AIM OF THE TASK:
Print out the entries from the line containing "Himalaya Lemon Hand Soap, 250ml" through the last line, exactly, and print nothing else. Pictures are not copied.

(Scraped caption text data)

»»

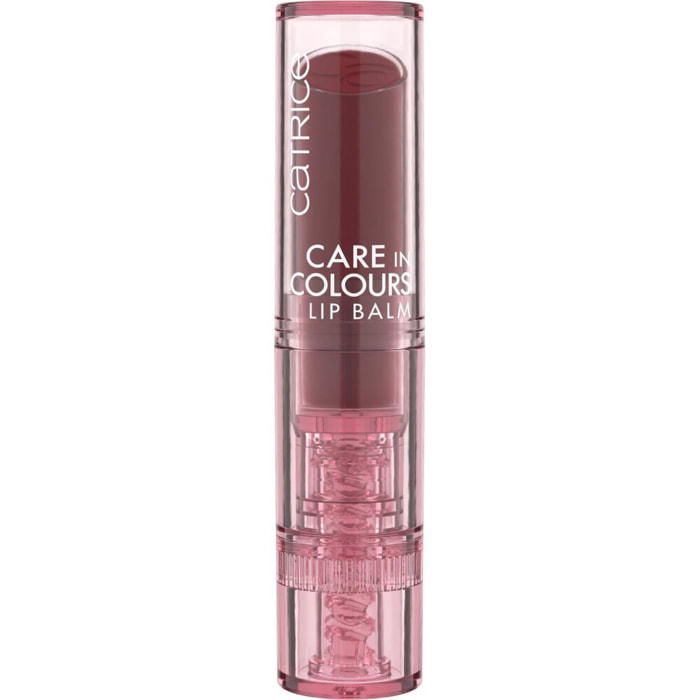 Care In Colours Lip Balm - Baume à Lèvres Fini Brillant Naturel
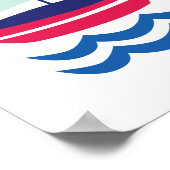 帆船 ポスター (角)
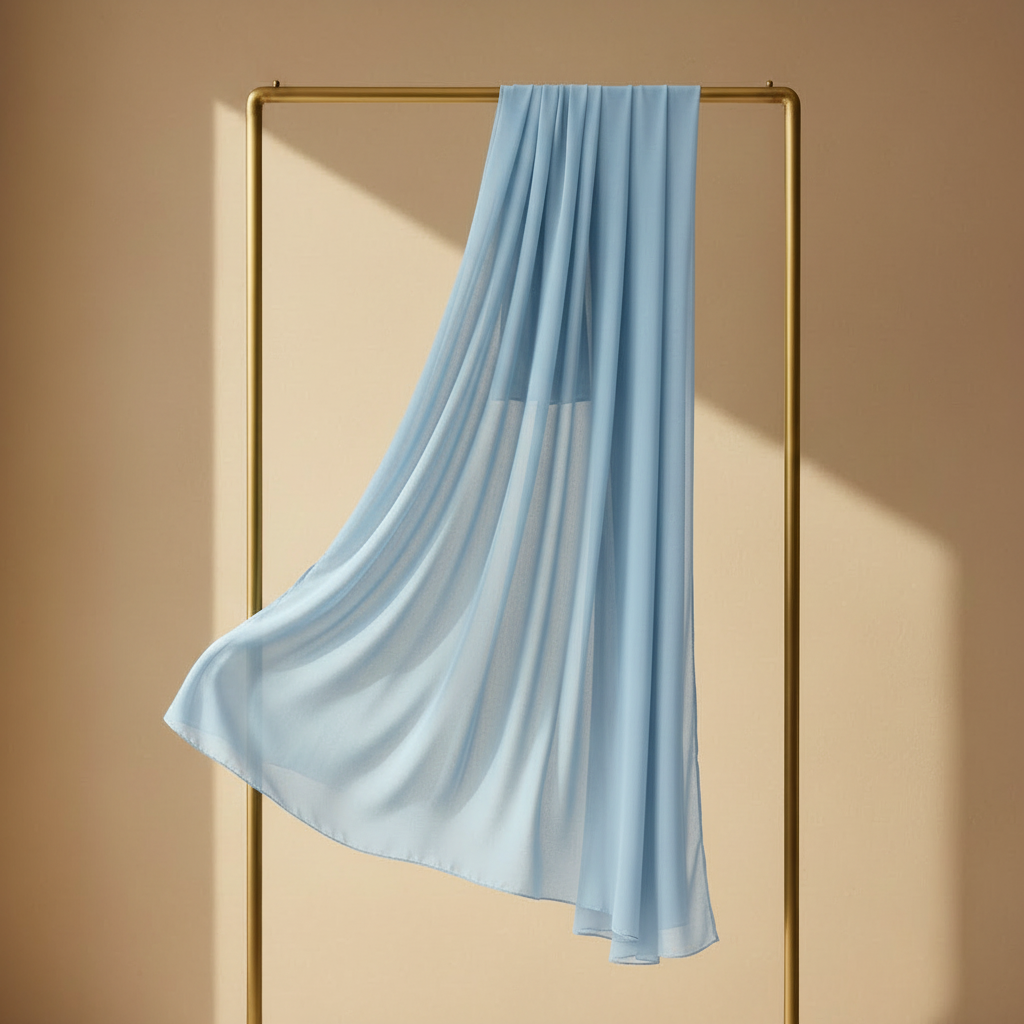 Hijab Mousseline de Soie DUHA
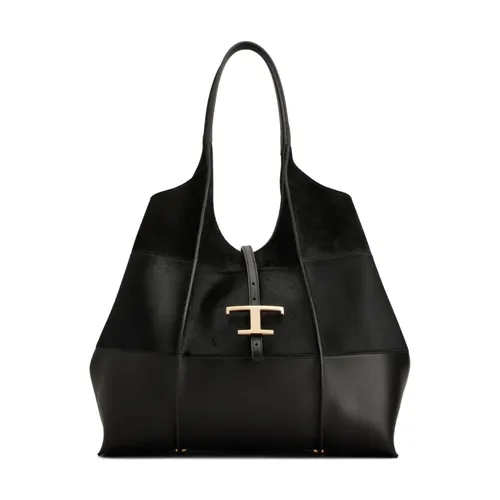 Tod's - Bags > Tote Bags - Black - Tod's - Modalova
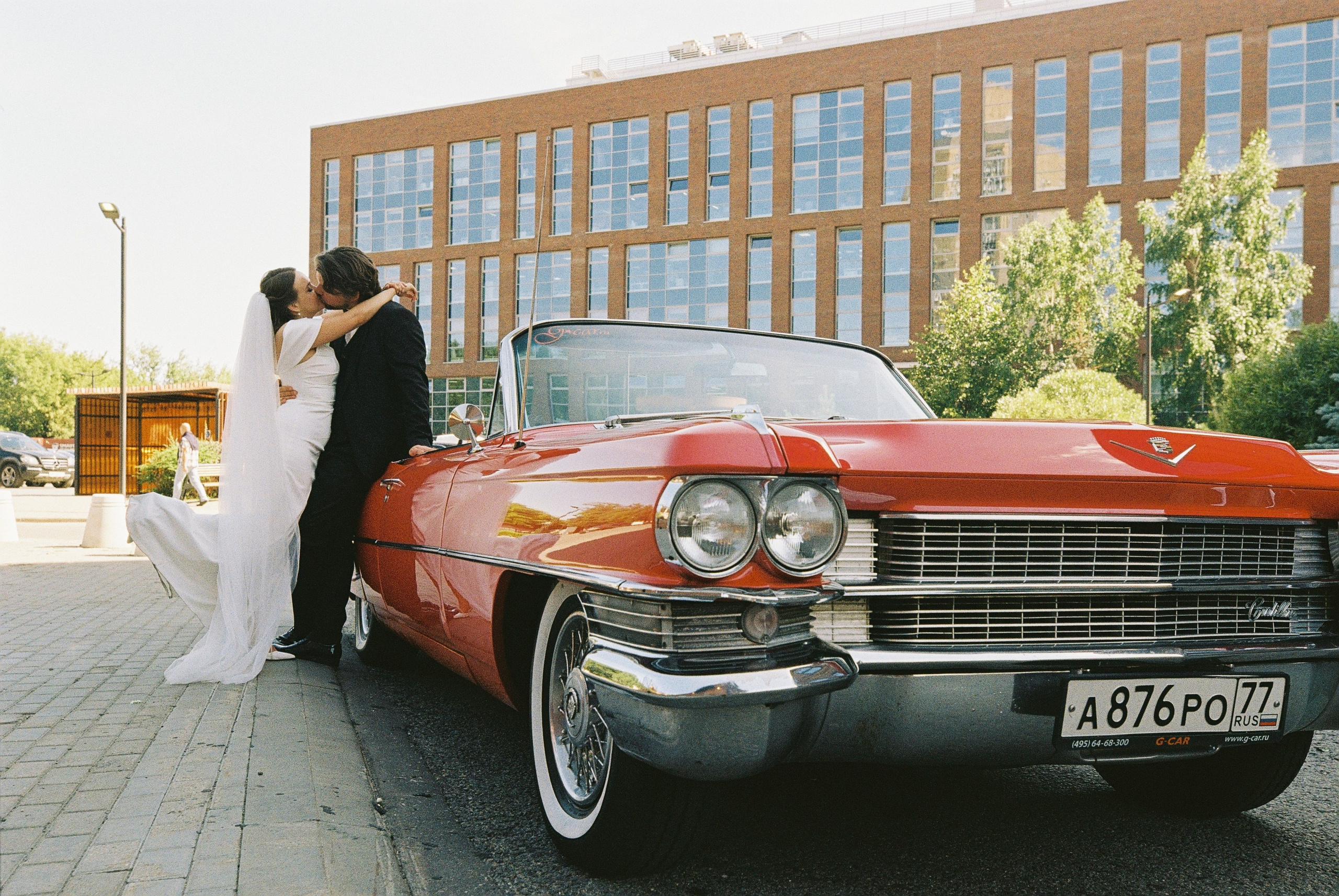 Пленка. Свадебный фотограф в Москве Топтыгин Иван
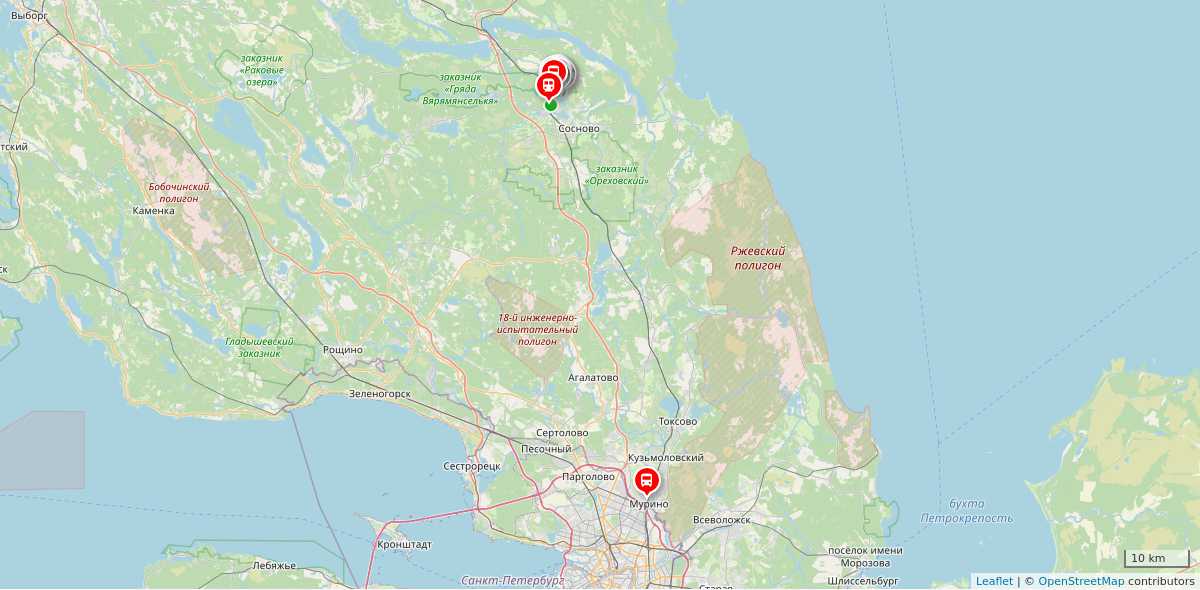Route map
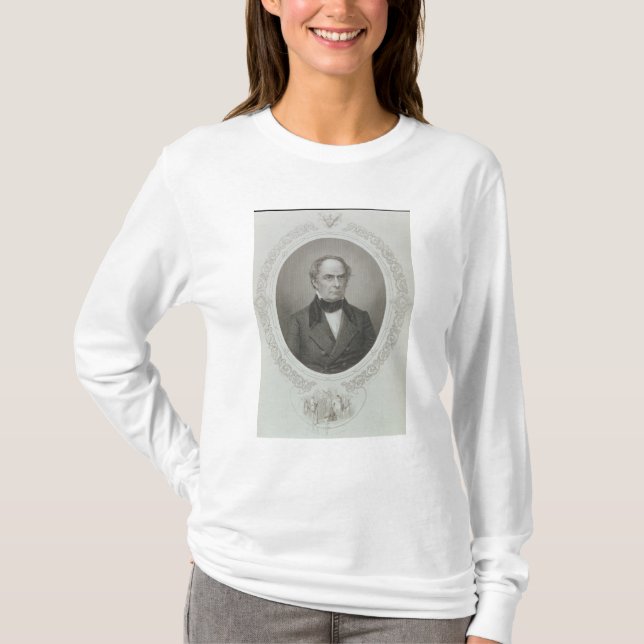 T-shirt Daniel Webster (Devant)
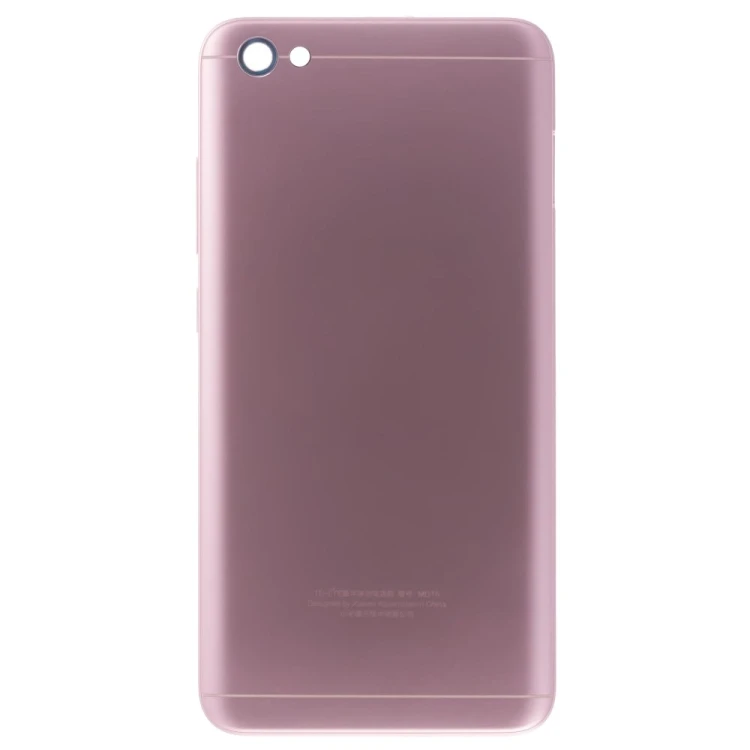 Задняя крышка для Xiaomi Redmi Note 5A (розовый) (в сборе со стеклом камеры)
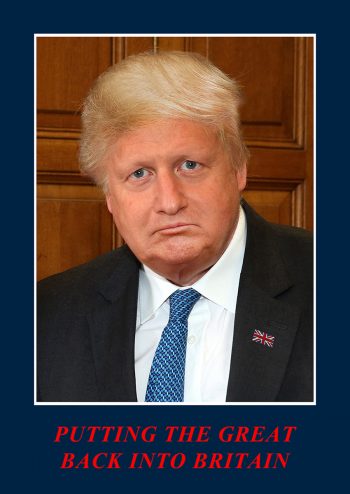 Boris Trump campaign poster 72dpi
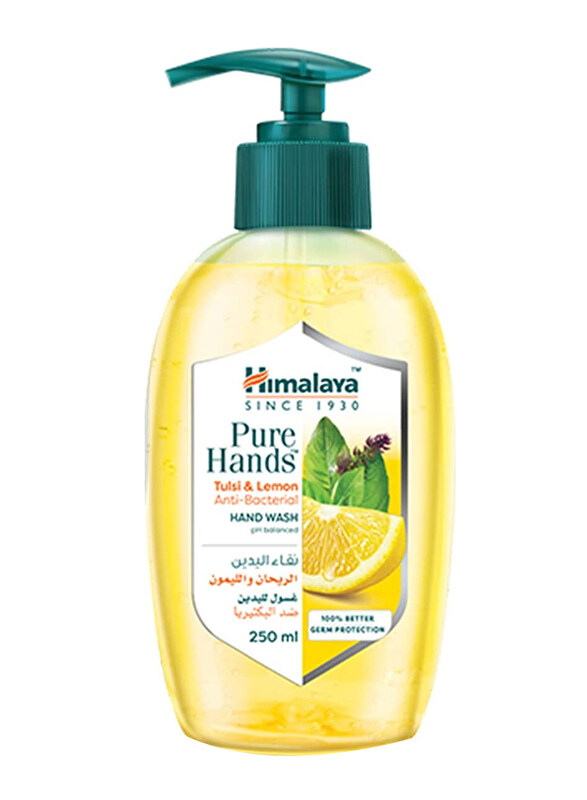 

Himalaya Lemon Hand Soap, 250ml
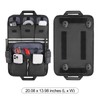 MOSISO Tour Pack Lid Organizer Trunk Lid Pouch Tool Luggage
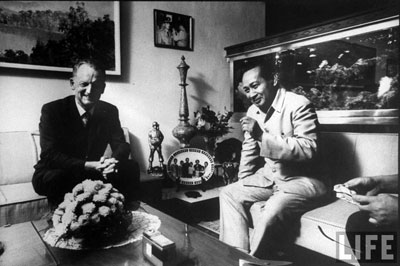 Marshall Green with Suharto
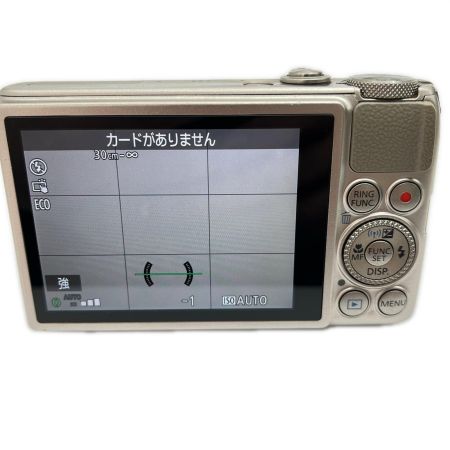 CANON キャノン コンパクトデジタルカメラ PowerShot S120 シルバー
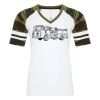 ATC&TRADE; EUROSPUN&REG; RING SPUN BASEBALL LADIES' TEE ATC0822L Thumbnail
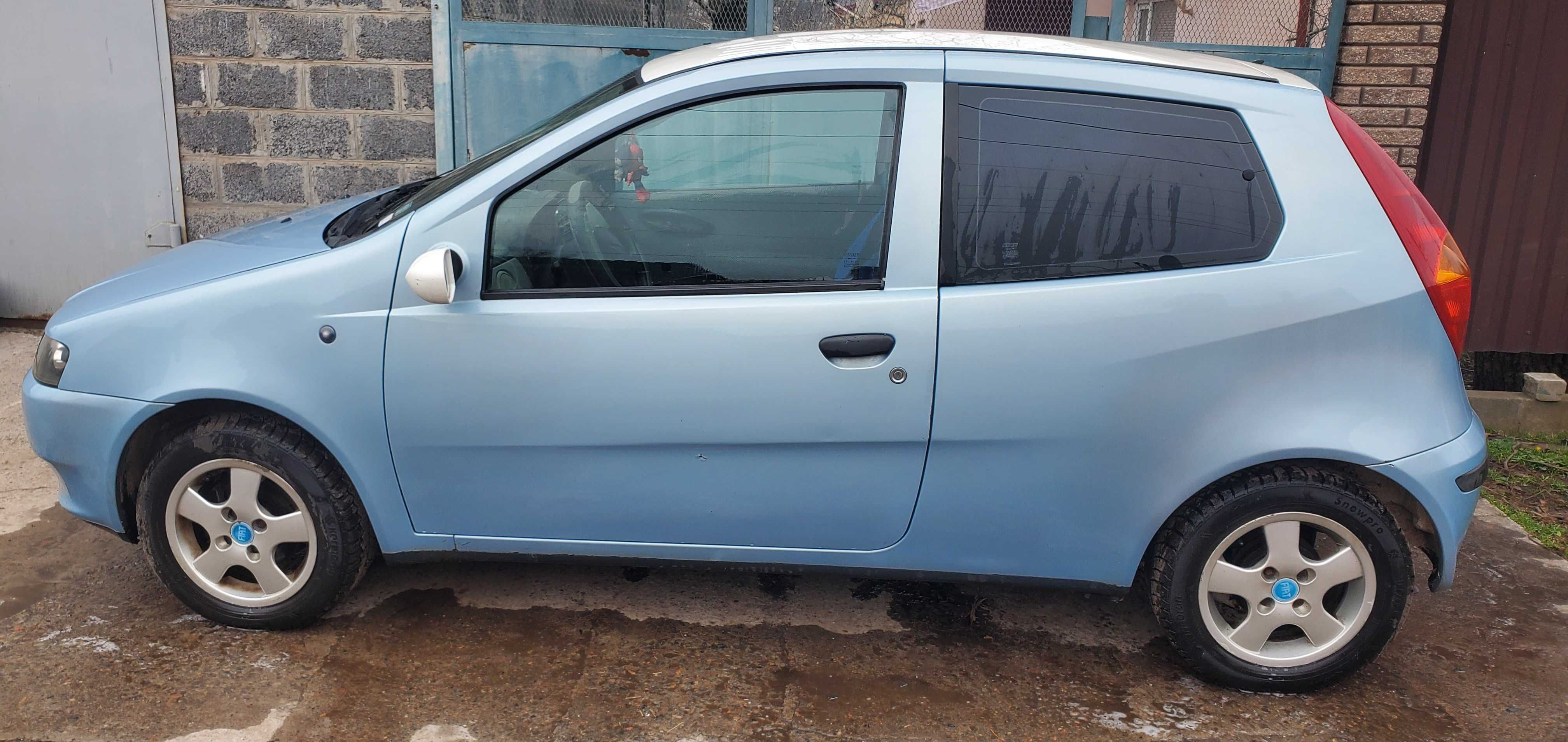 FIAT Punto 1.2 бензин.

««

SOLUTION TO THIS EXERCISE:
Himalaya Lemon Hand Soap, 250ml
 MOSISO Tour Pack Lid Organizer Trunk Lid Pouch Tool Luggage
 Marshall Green with Suharto
 CANON キャノン コンパクトデジタルカメラ PowerShot S120 シルバー
 ATC&TRADE; EUROSPUN&REG; RING SPUN BASEBALL LADIES' TEE ATC0822L Thumbnail
 FIAT Punto 1.2 бензин.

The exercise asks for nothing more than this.